Statistical link between the structure of molecular clouds and their density distribution

TL;DR

This paper develops a statistical framework linking the structure of molecular clouds to their density distributions, including power-law and continuous types, and explores their 2D projections.

Contribution

It introduces a class of equivalence for molecular clouds based on abstract scales and derives scaling relations for different density distributions.

Findings

Derived differential relationship between mean density and structure parameter.

Established relations between 2D and 3D scaling exponents.

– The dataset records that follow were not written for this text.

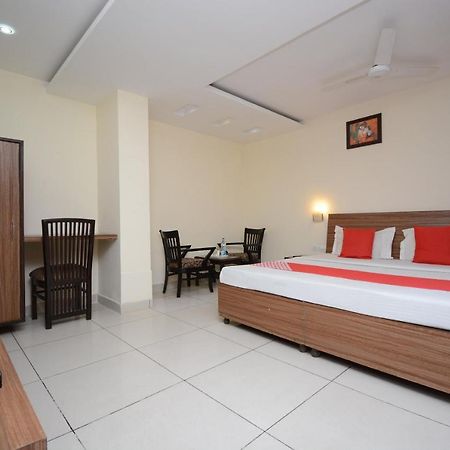Oyo 5478 Skippers Inn Ludhiana Zewnętrze zdjęcie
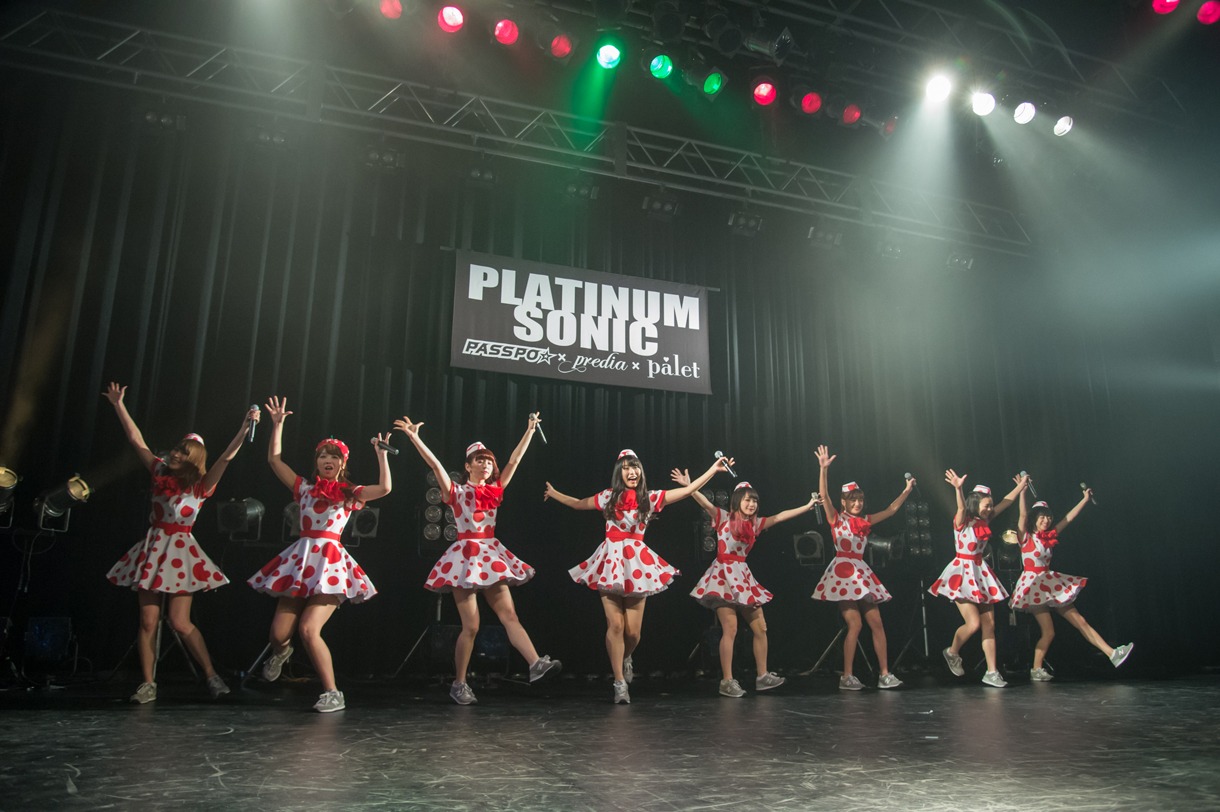 PASSPO☆によるライブの様子。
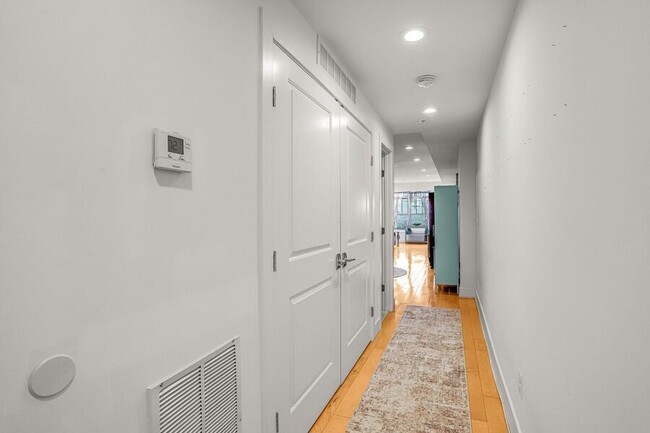 Building Photo - 816 Kennedy St NW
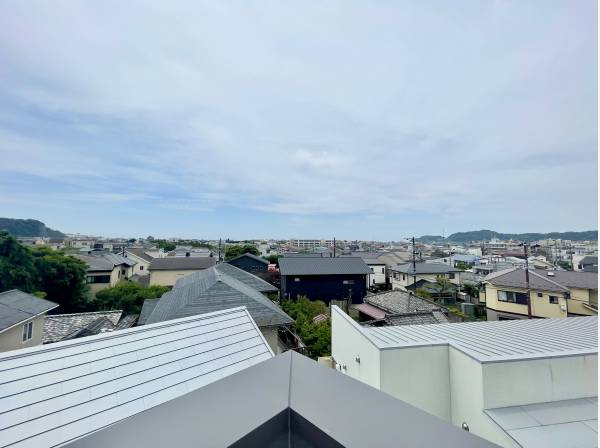 鎌倉の街並みや海などを眺望できます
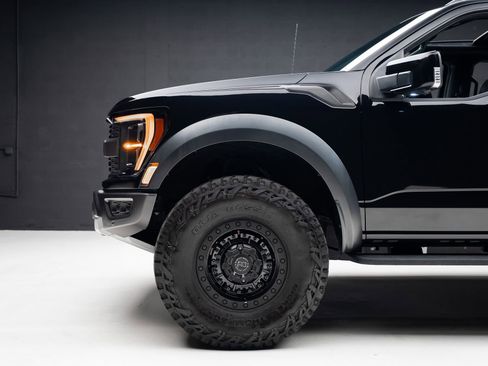 Used 2022 Ford F150 Raptor w/ Equipment Group 801A High AWD/4WD image 19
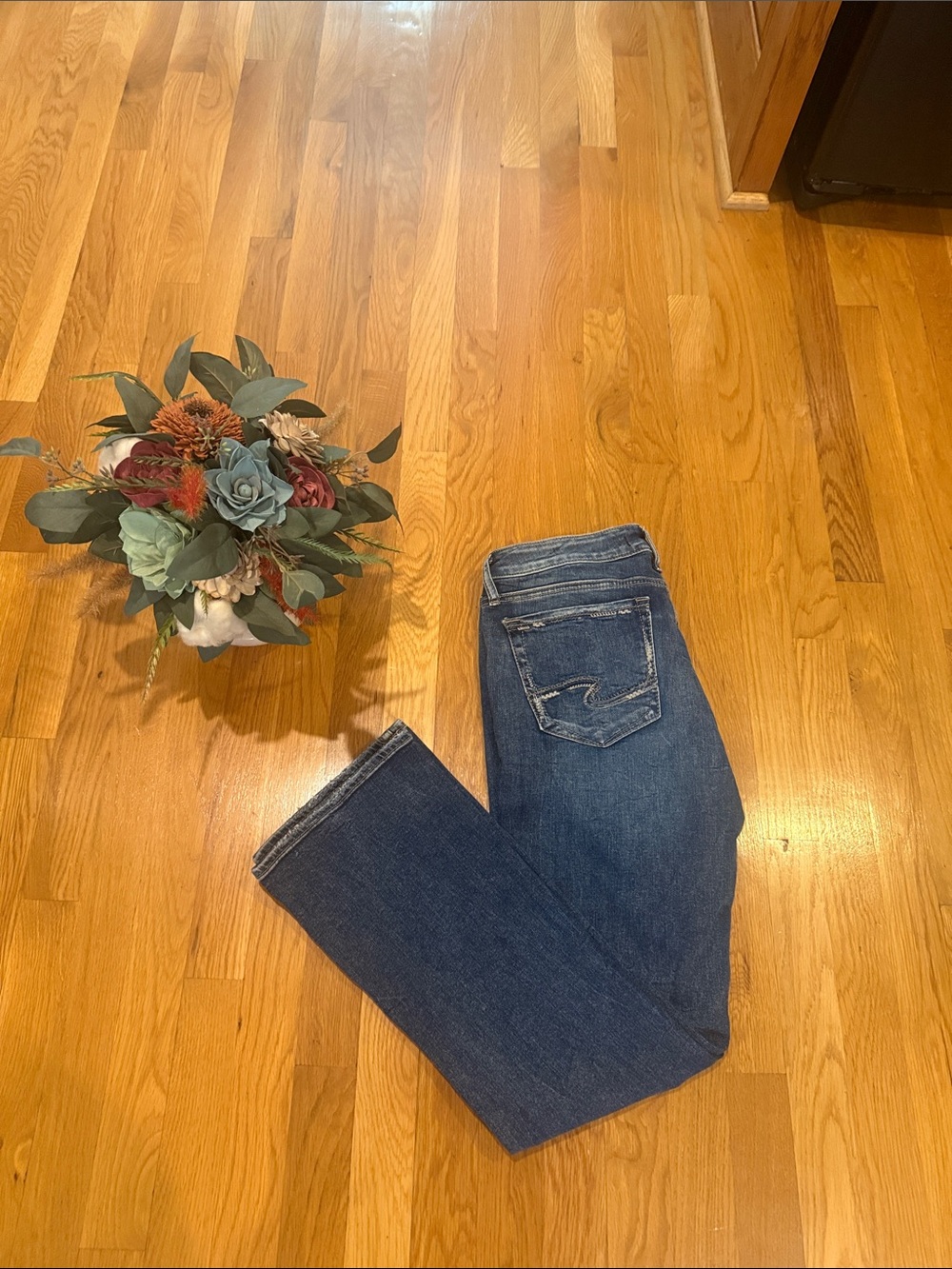 Silver Jeans Women's Medium Blue Boot Cut Denim - Picture 7 of 7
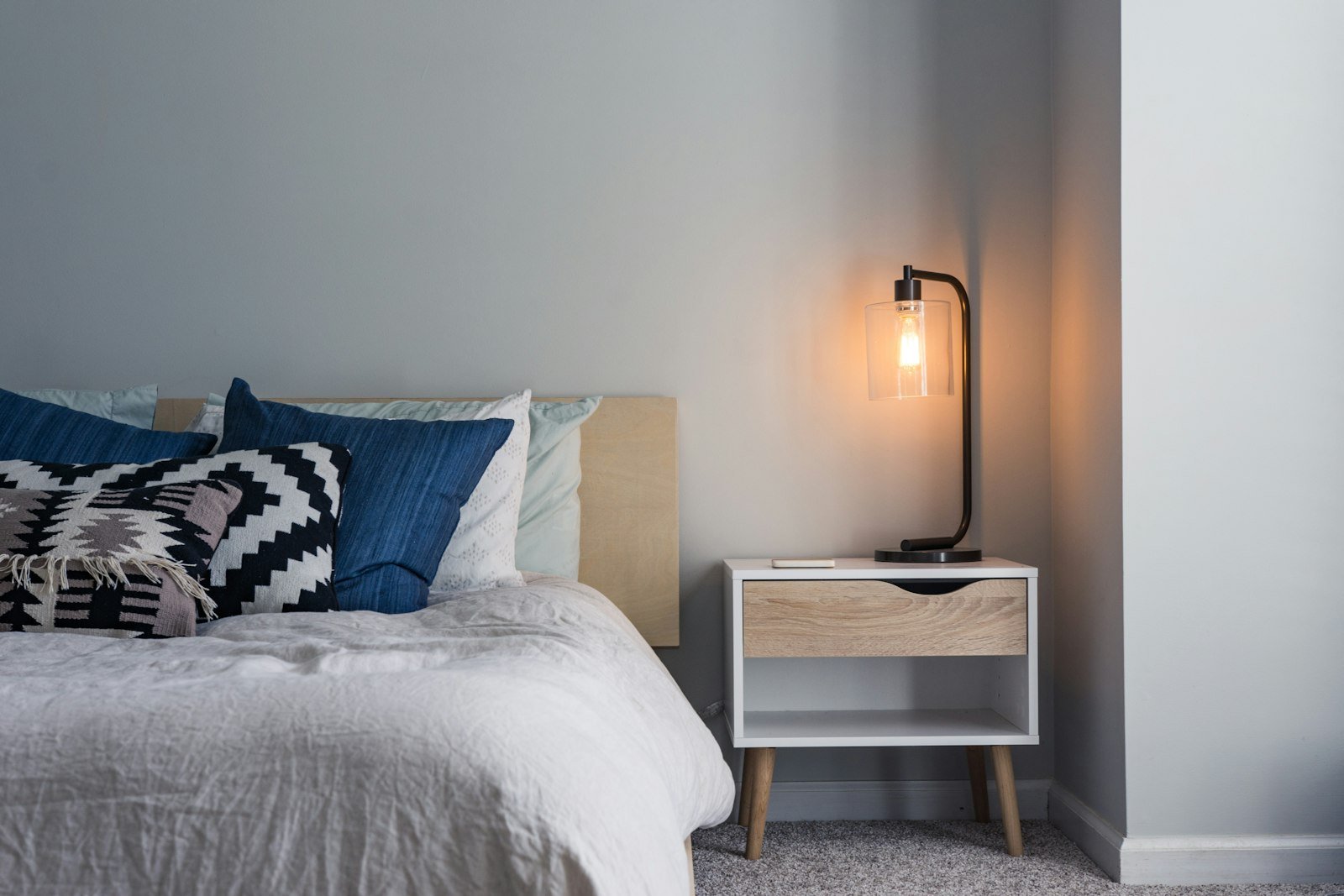 Loft-Zimmer, minimalistisch mit Designerleuchte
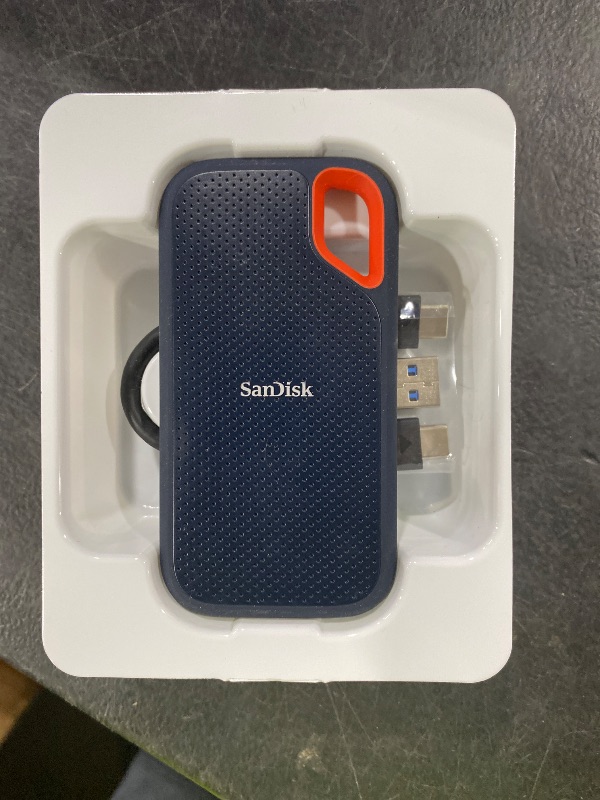Photo 1 of SANDISK 2TB Extreme Portable SSD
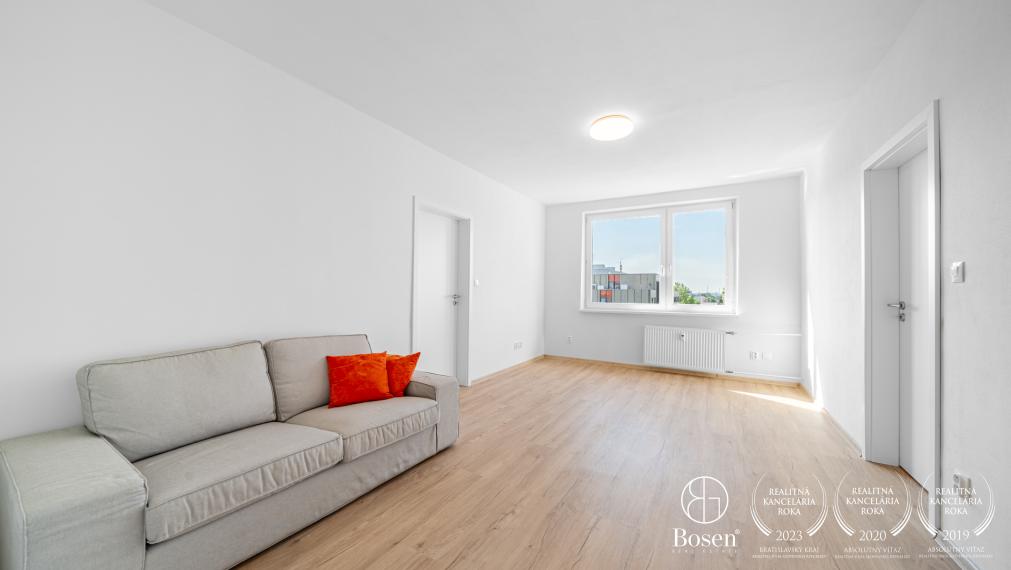 BOSEN | PREDANÉ | Kompletne zrekonštruovaný 3 izbový byt, Ružinov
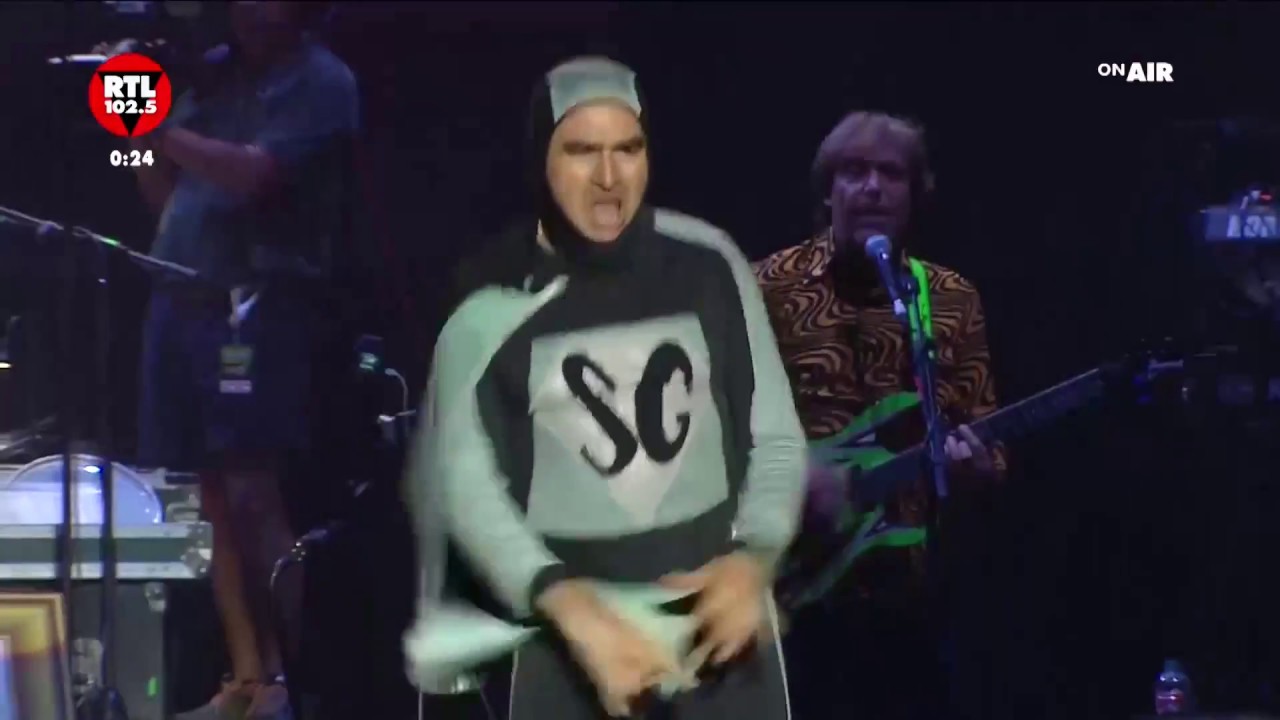 Elio e Le Storie Tese - Supergiovane (Live ultimo concerto Collisioni 2018)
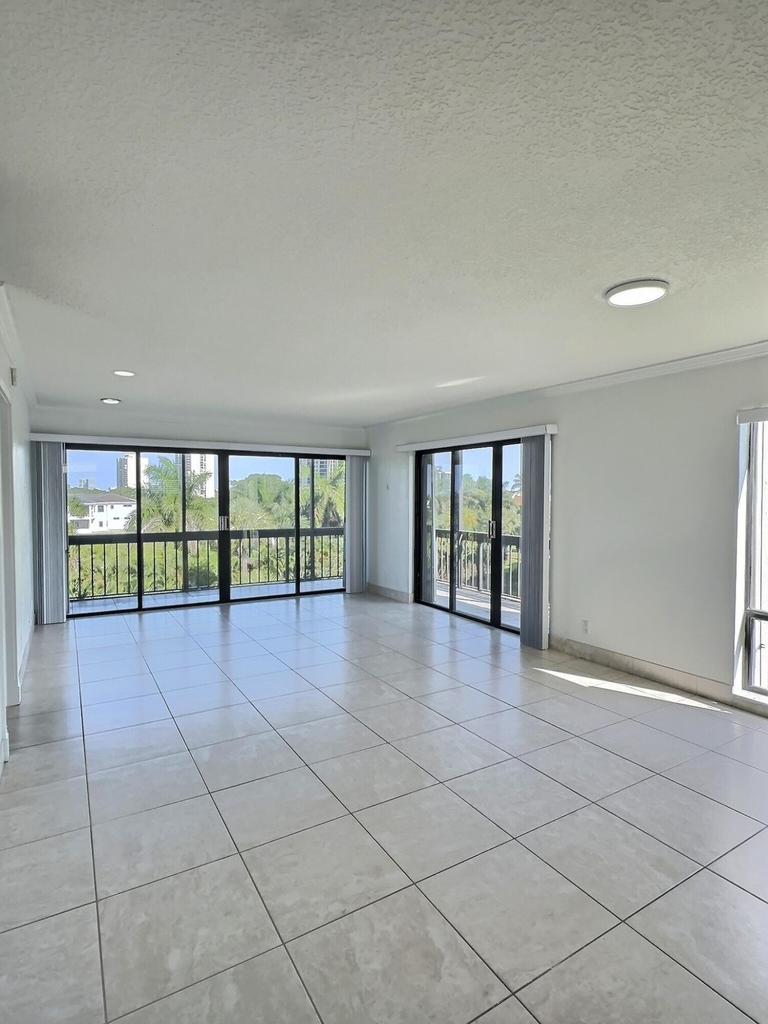 3050 Presidential Way - Photo 2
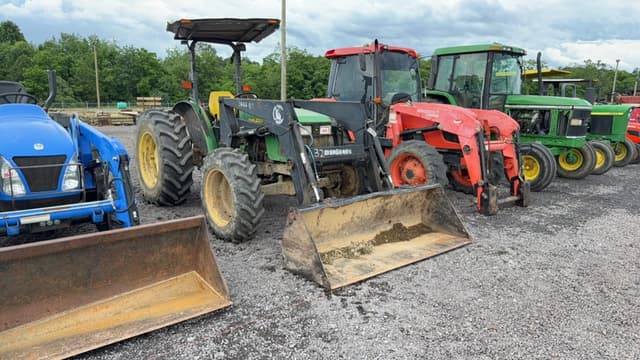 Image of John Deere 5310 equipment image 2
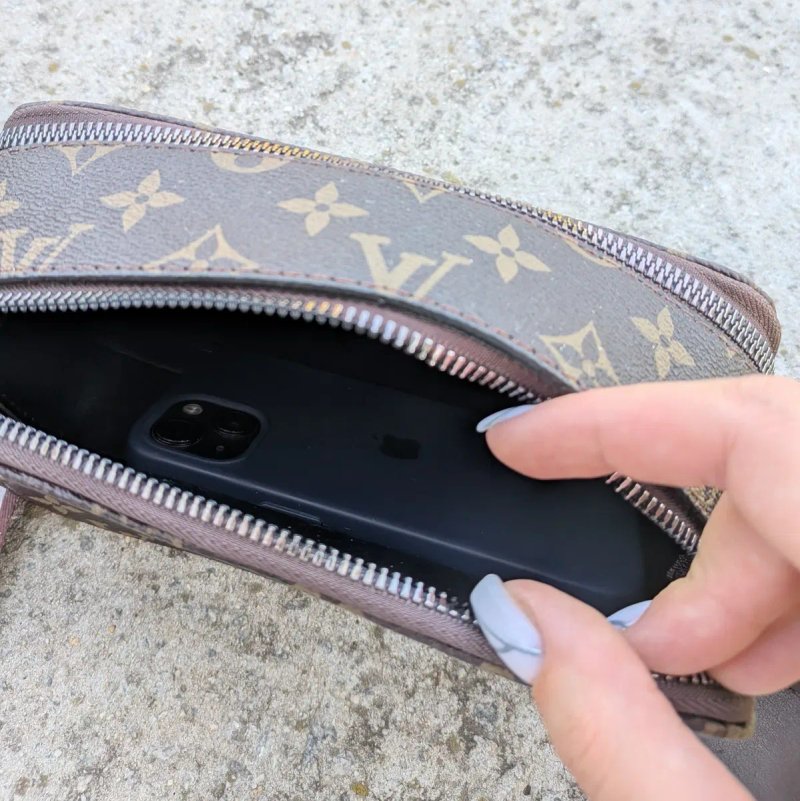Знижка! Жіноча сумка Louis Vuitton Camera Bag Monogram, кросбоді через плече. — фото 6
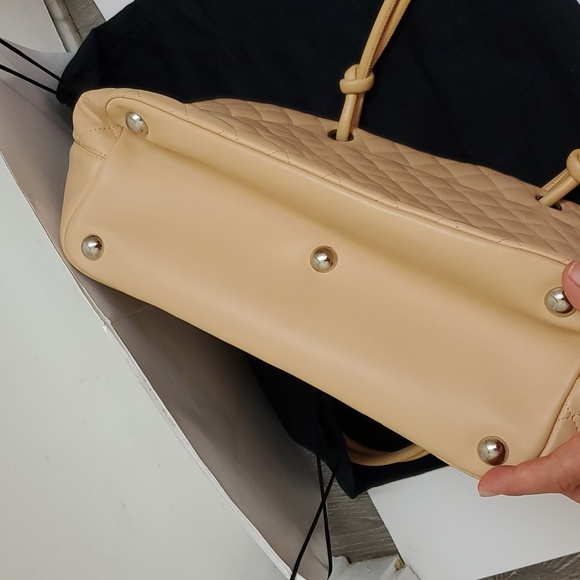 🤩Used twice 100% authentic Chanel calfskin tote bag "price firm" - Picture 5 of 17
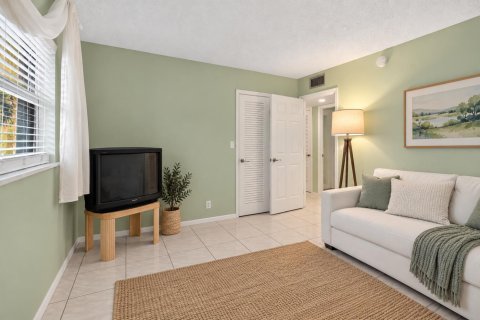 Condo in Hallandale Beach, Florida, 2 bedrooms № 2384545 - photo 10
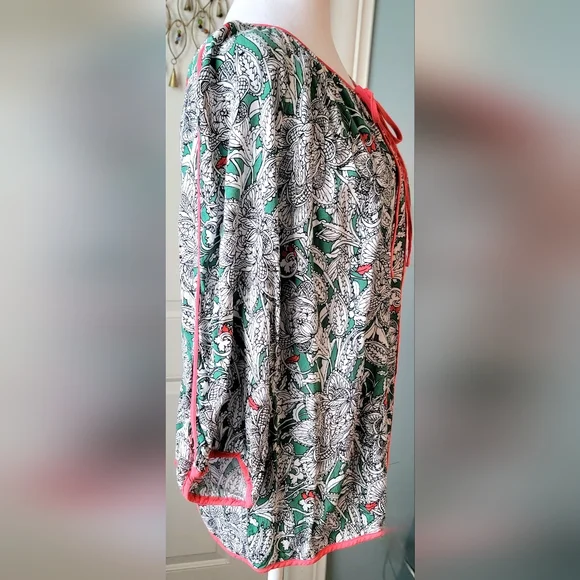 Boden Paisley Floral Peasant Blouse Women's 14 Green Coral Flowy Boho Baggy EUC - Picture 4 of 5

Applicable to clouds with power-law, lognormal, or combined density distributions.

Abstract

We introduce the concept of a class of equivalence of molecular clouds represented by an abstract spherically symmetric, isotropic object. This object is described by use of abstract scales in respect to a given mass density distribution. Mass and average density are ascribed to each scale and thus are linked to the density distribution: a power-law type and an arbitrary continuous one. In the latter case, we derive a differential relationship between the mean density at a given scale and the structure parameter which defines the mass-density relationship. The two-dimensional (2D) projection of the cloud along the line of sight is also investigated. Scaling relations of mass and mean density are derived in the considered cases of power-law and arbitrary continuous distributions. We obtain relations between scaling exponents in the 2D and 3D cases. The proposed classes of equivalence are representative for the general structure of real clouds with various types of column-density distributions: power law, lognormal or combination of both.